Going to Walden by Mary Oliver
Photo by Debbie Hudson @hudsoncrafted
I have a friend from way back who used to counter my in-the-future-it-will-be-better energy with a “I can be happy anywhere” response. I think part of it is that she was just wired that way. But I also think the death of her mother when she was a young adult taught her to be happy with the life she had rather than the future life she was trying to make. She learned early that there are no guarantees.

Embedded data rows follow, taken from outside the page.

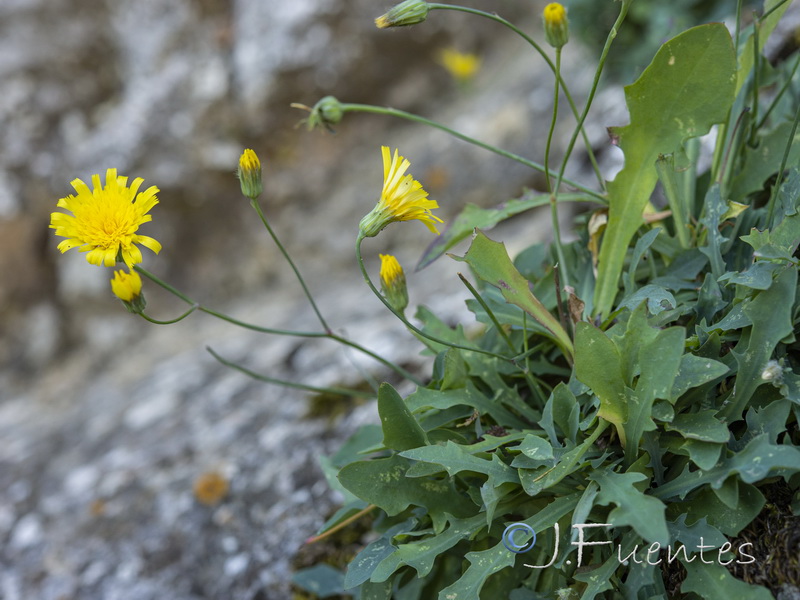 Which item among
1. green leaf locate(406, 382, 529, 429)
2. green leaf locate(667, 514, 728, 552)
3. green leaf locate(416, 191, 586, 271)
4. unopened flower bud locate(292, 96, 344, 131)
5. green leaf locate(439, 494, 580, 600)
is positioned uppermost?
unopened flower bud locate(292, 96, 344, 131)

I feel like I am only learning that now well into my 60’s. Quite honestly, it was the reality of aging that did it to me. I finally hit a spot where I found myself thinking, “I don’t want to come to the end of my life realizing that I spent it looking for happiness in some imagined future. I better start learning to be happy with where my life is now.”
I do think that there are a few rare people who set their minds on a picture of future happiness and partly by hard work and largely by luck they achieve it. If you are one of those, all I can say, “Good on you!” But for most of us our reality often falls short of our dreams and expectations. No one goes into life hoping for illnesses, sudden losses, betrayals, layoffs, grief, natural disasters, bankruptcies, etc. The fact is all of those are a normal part of life.
But whatever life we currently have is the life we have. It might get better. It might get worse. But the future doesn’t really matter. What we have now is all we have for this moment. There may be hopes, but what is real is where we are now, what we have now and how we feel now.
Quite honestly, it is a tough lesson for some of us.
Sit quietly. Breathe and get in touch with what you are thinking and feeling right now. As much as you can, simply accept whatever you are thinking and feeling rather than censoring it, fighting it or judging it. Simply notice it. Ponder these questions:
What are the gifts of your life right now?
What are the challenges and burdens of your life right now?
If nothing were to change could you accept your life as it is right now? What feelings would emerge with that acceptance?
What might you be missing right now by focusing on your future happiness?
Can you maintain your hope for a different future and gratitude for the present all at the same time?